## [Task item]
Once the line holding "Stylish With Stunning Views Manila" is found in the listing below, write it out and each later line exactly, up to and including the one holding "BathroomBathrooms,Residential,For Rent,215th,0,1030510 6730".

## [Input records]
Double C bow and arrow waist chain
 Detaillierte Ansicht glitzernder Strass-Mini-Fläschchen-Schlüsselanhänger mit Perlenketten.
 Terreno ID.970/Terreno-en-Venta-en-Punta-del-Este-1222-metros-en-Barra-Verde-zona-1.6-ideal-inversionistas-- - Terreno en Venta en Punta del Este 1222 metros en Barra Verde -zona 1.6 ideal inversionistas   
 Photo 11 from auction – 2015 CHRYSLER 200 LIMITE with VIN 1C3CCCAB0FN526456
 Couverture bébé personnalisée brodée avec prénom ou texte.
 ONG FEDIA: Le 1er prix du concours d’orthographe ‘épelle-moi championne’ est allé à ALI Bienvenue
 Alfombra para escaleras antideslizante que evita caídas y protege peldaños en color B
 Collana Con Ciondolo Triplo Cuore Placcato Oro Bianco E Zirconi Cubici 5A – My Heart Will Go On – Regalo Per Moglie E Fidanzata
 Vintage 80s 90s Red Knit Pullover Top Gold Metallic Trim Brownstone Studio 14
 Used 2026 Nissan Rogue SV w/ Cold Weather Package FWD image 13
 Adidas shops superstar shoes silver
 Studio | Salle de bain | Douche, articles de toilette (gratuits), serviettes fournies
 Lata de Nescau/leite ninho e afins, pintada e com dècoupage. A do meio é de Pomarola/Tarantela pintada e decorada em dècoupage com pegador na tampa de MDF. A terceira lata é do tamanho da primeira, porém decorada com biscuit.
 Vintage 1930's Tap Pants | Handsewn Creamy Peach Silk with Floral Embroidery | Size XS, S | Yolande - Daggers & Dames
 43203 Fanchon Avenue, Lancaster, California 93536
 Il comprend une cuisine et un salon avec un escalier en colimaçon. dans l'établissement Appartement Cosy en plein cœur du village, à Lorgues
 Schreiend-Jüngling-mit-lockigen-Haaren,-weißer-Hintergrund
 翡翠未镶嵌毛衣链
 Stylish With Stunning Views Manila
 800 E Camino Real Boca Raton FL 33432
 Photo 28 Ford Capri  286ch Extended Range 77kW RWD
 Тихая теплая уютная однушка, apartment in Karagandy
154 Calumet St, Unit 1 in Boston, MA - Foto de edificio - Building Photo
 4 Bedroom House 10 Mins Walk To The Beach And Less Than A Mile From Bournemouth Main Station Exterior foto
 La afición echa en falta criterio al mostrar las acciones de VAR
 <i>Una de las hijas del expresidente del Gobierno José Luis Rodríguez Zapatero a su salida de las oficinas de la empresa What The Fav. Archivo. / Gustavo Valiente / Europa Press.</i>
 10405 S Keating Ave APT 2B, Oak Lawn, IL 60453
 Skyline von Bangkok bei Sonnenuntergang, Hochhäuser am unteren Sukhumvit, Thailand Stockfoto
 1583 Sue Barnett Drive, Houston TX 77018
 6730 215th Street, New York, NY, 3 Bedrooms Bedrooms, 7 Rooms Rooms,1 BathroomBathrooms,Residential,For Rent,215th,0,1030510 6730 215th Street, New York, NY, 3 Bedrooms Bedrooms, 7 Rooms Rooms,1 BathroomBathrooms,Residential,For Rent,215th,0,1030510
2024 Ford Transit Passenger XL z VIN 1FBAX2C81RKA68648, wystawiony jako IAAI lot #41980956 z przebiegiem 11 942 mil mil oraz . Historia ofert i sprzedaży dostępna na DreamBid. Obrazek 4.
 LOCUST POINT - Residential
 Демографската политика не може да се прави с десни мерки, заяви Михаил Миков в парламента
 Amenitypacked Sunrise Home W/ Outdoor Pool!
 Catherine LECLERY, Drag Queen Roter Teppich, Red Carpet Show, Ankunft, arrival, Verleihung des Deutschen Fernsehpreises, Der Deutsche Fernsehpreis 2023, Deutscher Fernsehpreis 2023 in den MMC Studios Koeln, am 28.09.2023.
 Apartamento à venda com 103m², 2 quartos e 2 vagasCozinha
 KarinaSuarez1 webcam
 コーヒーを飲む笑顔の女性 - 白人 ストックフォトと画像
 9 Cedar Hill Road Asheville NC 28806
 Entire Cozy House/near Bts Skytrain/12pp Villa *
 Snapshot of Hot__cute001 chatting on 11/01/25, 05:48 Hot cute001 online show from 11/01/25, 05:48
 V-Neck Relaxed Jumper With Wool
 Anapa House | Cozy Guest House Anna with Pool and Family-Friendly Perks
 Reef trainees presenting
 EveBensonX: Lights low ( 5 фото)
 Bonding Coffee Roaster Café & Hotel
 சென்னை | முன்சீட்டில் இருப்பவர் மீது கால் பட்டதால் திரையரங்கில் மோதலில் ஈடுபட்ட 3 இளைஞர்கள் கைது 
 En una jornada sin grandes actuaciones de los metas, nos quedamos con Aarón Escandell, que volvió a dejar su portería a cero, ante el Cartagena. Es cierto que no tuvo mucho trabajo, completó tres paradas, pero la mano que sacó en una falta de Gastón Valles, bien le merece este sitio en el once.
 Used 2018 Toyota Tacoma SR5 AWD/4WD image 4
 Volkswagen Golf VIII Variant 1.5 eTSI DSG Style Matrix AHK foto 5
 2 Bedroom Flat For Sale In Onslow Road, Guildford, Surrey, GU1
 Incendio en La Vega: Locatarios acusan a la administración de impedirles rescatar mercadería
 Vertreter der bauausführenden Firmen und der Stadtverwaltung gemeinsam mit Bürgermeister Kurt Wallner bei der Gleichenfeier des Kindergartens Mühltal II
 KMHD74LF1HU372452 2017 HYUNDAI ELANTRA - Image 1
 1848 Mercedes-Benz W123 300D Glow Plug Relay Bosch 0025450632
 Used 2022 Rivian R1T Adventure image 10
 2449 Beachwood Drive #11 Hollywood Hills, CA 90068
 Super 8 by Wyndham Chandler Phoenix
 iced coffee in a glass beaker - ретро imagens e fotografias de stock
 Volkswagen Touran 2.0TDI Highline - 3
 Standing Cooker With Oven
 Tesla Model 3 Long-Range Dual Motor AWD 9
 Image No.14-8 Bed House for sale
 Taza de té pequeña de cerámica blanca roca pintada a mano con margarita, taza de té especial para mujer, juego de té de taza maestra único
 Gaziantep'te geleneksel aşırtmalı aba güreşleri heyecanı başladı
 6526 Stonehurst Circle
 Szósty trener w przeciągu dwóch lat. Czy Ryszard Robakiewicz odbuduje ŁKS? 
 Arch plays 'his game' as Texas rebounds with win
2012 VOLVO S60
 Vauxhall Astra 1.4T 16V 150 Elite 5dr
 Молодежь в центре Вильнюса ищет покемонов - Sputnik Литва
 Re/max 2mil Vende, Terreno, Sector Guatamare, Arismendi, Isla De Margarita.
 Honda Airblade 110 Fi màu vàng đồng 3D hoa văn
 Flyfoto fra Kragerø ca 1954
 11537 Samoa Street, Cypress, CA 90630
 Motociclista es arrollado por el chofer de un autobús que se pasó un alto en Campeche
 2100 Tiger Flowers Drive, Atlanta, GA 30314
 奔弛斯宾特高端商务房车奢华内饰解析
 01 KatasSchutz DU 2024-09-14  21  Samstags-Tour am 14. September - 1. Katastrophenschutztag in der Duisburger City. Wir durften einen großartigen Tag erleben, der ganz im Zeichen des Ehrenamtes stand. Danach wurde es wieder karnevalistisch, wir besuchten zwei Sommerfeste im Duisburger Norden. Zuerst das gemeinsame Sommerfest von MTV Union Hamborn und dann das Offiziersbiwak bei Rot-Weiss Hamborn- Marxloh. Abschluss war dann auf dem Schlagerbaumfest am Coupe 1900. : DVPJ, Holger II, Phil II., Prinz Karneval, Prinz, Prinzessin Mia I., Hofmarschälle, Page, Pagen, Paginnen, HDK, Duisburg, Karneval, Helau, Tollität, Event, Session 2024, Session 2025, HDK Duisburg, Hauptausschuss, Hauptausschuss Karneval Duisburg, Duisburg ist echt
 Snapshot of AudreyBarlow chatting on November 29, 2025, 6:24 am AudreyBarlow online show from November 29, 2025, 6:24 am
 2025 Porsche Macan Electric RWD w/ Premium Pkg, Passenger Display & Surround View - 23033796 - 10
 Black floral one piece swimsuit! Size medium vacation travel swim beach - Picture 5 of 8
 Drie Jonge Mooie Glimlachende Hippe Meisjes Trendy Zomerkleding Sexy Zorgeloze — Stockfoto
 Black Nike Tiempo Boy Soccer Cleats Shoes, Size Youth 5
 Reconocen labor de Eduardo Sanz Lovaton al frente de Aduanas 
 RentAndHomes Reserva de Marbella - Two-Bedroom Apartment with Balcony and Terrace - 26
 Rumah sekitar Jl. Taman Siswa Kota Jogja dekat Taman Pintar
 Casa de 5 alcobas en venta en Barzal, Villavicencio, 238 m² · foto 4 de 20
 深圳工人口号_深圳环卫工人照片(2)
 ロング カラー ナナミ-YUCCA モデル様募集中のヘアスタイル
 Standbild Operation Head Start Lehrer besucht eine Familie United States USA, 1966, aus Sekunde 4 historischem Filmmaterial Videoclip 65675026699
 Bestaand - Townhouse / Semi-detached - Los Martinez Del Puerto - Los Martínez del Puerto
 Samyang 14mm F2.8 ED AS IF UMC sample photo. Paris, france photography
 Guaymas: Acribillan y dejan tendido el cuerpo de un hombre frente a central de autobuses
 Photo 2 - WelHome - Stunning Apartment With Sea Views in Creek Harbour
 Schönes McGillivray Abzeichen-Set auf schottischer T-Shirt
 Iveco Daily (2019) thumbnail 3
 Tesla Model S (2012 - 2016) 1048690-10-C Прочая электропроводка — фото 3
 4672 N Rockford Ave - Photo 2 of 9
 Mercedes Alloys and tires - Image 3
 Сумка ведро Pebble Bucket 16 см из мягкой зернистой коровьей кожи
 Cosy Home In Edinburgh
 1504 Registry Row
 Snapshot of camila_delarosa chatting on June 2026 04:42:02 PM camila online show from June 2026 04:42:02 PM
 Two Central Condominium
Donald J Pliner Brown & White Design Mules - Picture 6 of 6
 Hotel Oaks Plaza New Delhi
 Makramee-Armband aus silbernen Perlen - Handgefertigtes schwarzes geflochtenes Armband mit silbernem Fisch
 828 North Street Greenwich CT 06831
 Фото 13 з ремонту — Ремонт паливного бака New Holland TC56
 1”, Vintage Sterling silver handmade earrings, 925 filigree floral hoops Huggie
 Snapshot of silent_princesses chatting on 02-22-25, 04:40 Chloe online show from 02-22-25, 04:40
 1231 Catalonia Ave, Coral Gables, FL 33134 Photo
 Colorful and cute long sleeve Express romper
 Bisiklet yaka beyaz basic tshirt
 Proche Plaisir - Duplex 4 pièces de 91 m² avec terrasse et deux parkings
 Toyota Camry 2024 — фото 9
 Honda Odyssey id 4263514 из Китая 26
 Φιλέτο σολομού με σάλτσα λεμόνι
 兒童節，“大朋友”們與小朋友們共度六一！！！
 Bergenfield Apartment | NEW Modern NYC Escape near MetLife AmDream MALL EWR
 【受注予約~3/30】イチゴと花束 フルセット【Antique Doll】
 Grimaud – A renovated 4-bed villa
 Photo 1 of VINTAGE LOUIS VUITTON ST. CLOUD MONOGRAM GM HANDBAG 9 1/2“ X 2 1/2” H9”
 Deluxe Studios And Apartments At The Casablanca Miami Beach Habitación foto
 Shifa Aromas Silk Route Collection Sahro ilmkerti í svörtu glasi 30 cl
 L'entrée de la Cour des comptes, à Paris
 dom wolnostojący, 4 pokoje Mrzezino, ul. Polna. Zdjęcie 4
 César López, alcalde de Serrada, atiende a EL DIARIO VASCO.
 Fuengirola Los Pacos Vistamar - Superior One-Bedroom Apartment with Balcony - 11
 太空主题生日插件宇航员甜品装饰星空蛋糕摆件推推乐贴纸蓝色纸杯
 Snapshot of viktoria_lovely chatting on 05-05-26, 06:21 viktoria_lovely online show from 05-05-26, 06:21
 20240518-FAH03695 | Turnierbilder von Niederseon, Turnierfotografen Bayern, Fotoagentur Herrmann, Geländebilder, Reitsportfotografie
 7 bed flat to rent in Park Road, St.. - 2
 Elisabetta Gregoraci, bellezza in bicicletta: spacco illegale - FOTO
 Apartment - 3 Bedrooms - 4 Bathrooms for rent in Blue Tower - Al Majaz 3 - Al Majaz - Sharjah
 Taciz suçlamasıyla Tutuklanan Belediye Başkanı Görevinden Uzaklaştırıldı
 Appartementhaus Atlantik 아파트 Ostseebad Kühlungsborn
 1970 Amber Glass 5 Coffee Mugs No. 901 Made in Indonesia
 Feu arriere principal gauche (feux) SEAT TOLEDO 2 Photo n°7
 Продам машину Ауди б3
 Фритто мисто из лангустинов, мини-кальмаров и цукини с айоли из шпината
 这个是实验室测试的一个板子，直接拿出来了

## [Answer to the exercise]
 Stylish With Stunning Views Manila
 800 E Camino Real Boca Raton FL 33432
 Photo 28 Ford Capri  286ch Extended Range 77kW RWD
 Тихая теплая уютная однушка, apartment in Karagandy
154 Calumet St, Unit 1 in Boston, MA - Foto de edificio - Building Photo
 4 Bedroom House 10 Mins Walk To The Beach And Less Than A Mile From Bournemouth Main Station Exterior foto
 La afición echa en falta criterio al mostrar las acciones de VAR
 <i>Una de las hijas del expresidente del Gobierno José Luis Rodríguez Zapatero a su salida de las oficinas de la empresa What The Fav. Archivo. / Gustavo Valiente / Europa Press.</i>
 10405 S Keating Ave APT 2B, Oak Lawn, IL 60453
 Skyline von Bangkok bei Sonnenuntergang, Hochhäuser am unteren Sukhumvit, Thailand Stockfoto
 1583 Sue Barnett Drive, Houston TX 77018
 6730 215th Street, New York, NY, 3 Bedrooms Bedrooms, 7 Rooms Rooms,1 BathroomBathrooms,Residential,For Rent,215th,0,1030510 6730 215th Street, New York, NY, 3 Bedrooms Bedrooms, 7 Rooms Rooms,1 BathroomBathrooms,Residential,For Rent,215th,0,1030510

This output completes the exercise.